Nella città di sinistra, perché Torino era — nel senso che vale la pena domandarsi quanto lo sia ancora — una città di sinistra, il principale partito «rosso» dimezza il consenso in poco più di un ventennio. Attenzione alle trappole della lingua: non è il voto ad essere post-ideologico, sono i cittadini che lo diventano. Non solo quando scelgono di votare o di impegnarsi con il partito di Grillo, che costruisce la sua identità sul rifiuto delle culture politiche tradizionali, ma anche quando, come stavolta, sceglie la destra. Salvini rappresenta la post-ideologizzazione di una destra adattiva al nuovo contesto sociale. Questa è la rivelazione di domenica scorsa. Non siamo alle prese con la destra liberale e aziendale di Berlusconi, non quella che ammicca al fascismo, cultura forte al tempo delle culture deboli. Siamo al cospetto di una destra che non riconosce le ideologie, che gioca bene con le narrazioni della vita reale. Quella Lega che oggi raccoglie più di 77 mila voti e supera Forza Italia, che conquista anche se di pochissimo i collegi uninominali alla Camera della periferia nord, chi l’aveva mai vista a Torino?

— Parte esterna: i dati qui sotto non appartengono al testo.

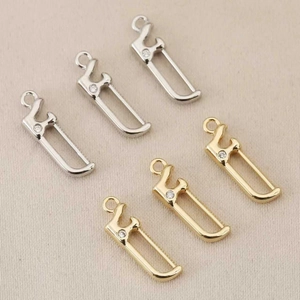 Vue détaillée de pendentifs géométriques creux avec placage or et argent et zircon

Lo strepito «antisistema» si esaurisce, ma non prima di aver prodotto i suoi effetti. Le Regionali sono lì, perfetto banco di prova. Un ultimo esempio? La fine della sinistra. Quella della rappresentanza senza rappresentati. Il paradosso dell’offerta politica senza domanda che si ripete ad ogni elezione come la liquefazione del sangue del santo. Dalle due cifre percentuali attese nei sondaggi al precipizio della inesorabile Legge del Tre: Sinistra Arcobaleno nel 2008 (3,08%), Rivoluzione Civile nel 2013 (2,25%), Liberi e Uguali (3,38%). Quel mondo si riduce a frammento e sembra più attento alla riproduzione dei propri micro-apparati che a dotare di senso il progetto politico. Quale identità possa ri-significare la sinistra oggi è tema delle democrazie occidentali, non certo delle elezioni nazionali. Tantomeno, come ha dimostrato l’esperienza di Torino in Comune alle amministrative, che non si è sottratta alla Legge del Tre, di quelle locali. Siamo chiamati a fare i conti con mutamenti della nostra società e queste elezioni sono qui a ricordarlo. Come scriveva Roberto Tricarico da queste stesse colonne, in tal senso, Torino è l’Italia.